04 E46 M3 paint restoration project!

shots are taken from the passenger door. the entire car, every single panel has really bad paint damage from automatic car wash abuse & the previous owner mustve hired a butcher to buff the car out. i saw the car under the lights a few months ago @ the GPNY meet. I know the car was bad but big jobs never intimidate me, i was up for the challenge as always.

list of paint problems:

hollograms/extremely deep "buffer trails"
the cause: inexperienced butcher detailer with improper use of a rotary machine. wheel speed was probably around 1700-2000 rpms, may be even 2200. the pad obviously was not kept moist. this is what happens when you run the machine on too high of a speed with a dry pad. im surprised there were not any burn marks in the paint.

heavy & deep swirl marks
the cause: previous butcher detailer

dull/flat reflection
the cause: all these dam paint defects & buffer trails giving off a horrible reflection, making the car not shine to its maximum potential

i am really excited about working on this car. i know the customer will be more than happy. everyone at the local meets has been on his case & telling him to go to me. this car will deffinitly turn heads the next time you see it!

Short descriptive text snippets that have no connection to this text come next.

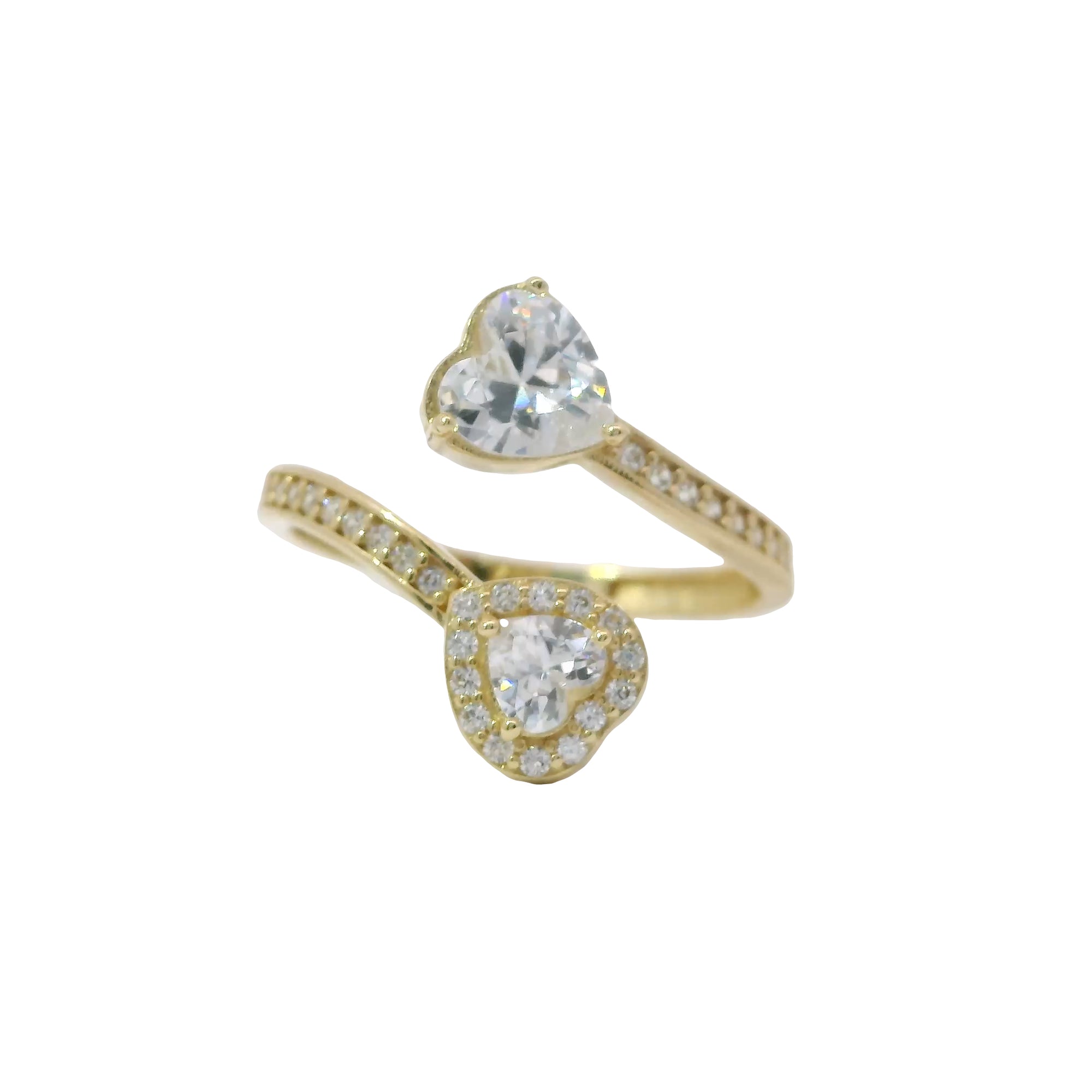 14KT Gold Ring Women's Double Heart White CZ Stone Bypass Band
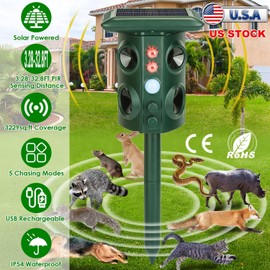 iMounTEK Animal Repeller Solar Ultrasonic Animal Repeller Solar Powered Animal Repellent Chaser with PIR Motion Sensor IP65 Waterproof Sound Flashing Light for Deer Raccoon Squirrel Mice Cat Dog
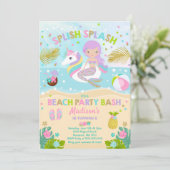 Eenhoorn en Zeemeermin Beach Party Uitnodiging (Staand voorkant)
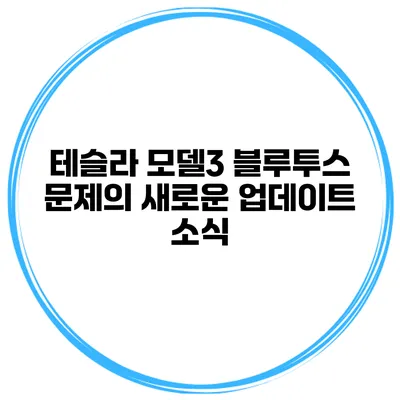 테슬라 모델3 블루투스 문제의 새로운 업데이트 소식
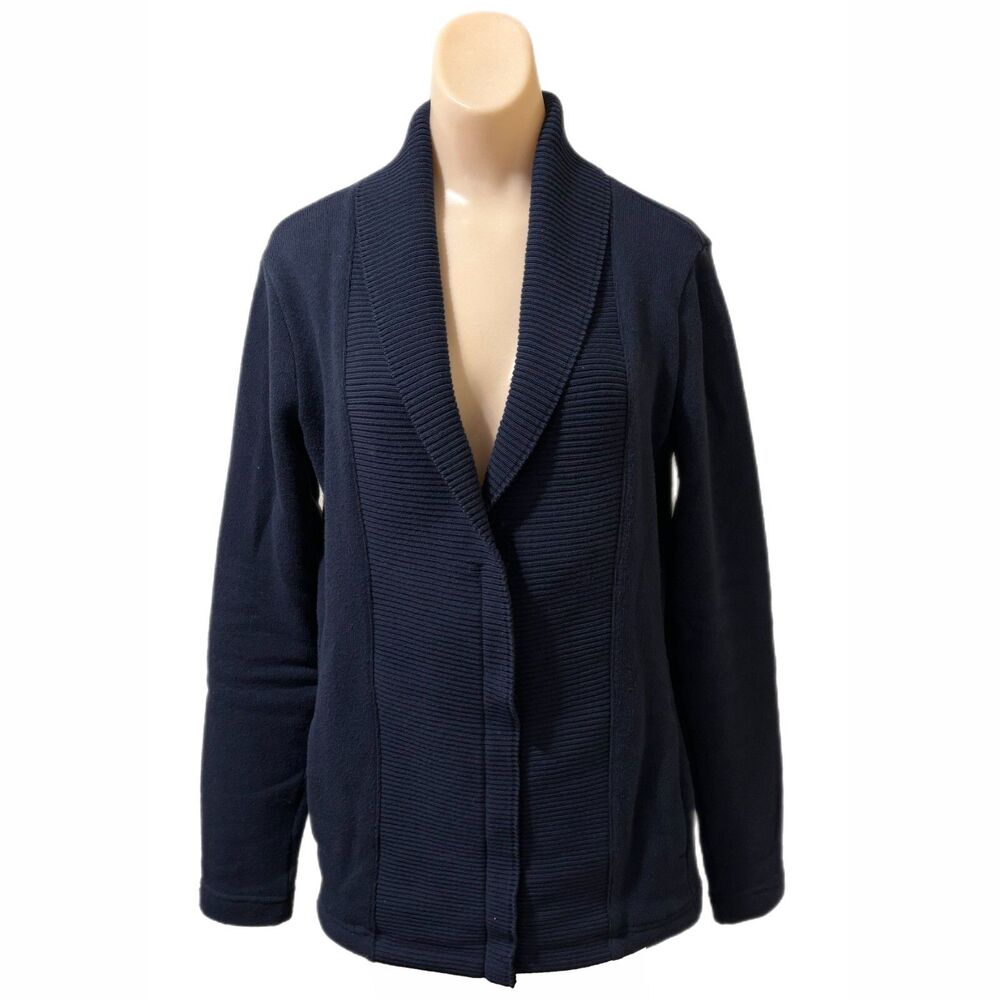 Womens Old Money Shawl Collar Cardigan Small Sweater Navy Blue Capsule Preppy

all prepped up & ready to get started on:


----------



## AndrewBigA (Jun 11, 2009)

50/50 
right side after wash & clay
left side after compound, polish, wax









i wanted to cry after inspecting the paint under the halogen lights









i can not wait to finish this car & see every panel looking like this!









teaser shots of the dr side qp

after wash & clay








every single panel of the car looked like this after wash & clay!

after compound then polish


----------



## AndrewBigA (Jun 11, 2009)

i apologize to everyone, i had some sick progress pics & before shots of every panel but i deleted them by mistake. i think that happened while i was taking pics of the car before it left the shop that night. im pissed i lost those pics! =/
i hope everyone can get an idea how bad the paint was from the few before pictures i posted.every panel was glassed out to perfection. this was one of the biggest full car paint restoration jobs ive done in a long time.

enjoy these after shots, taken last night just before anthony left the shop finally after 14 total days here.!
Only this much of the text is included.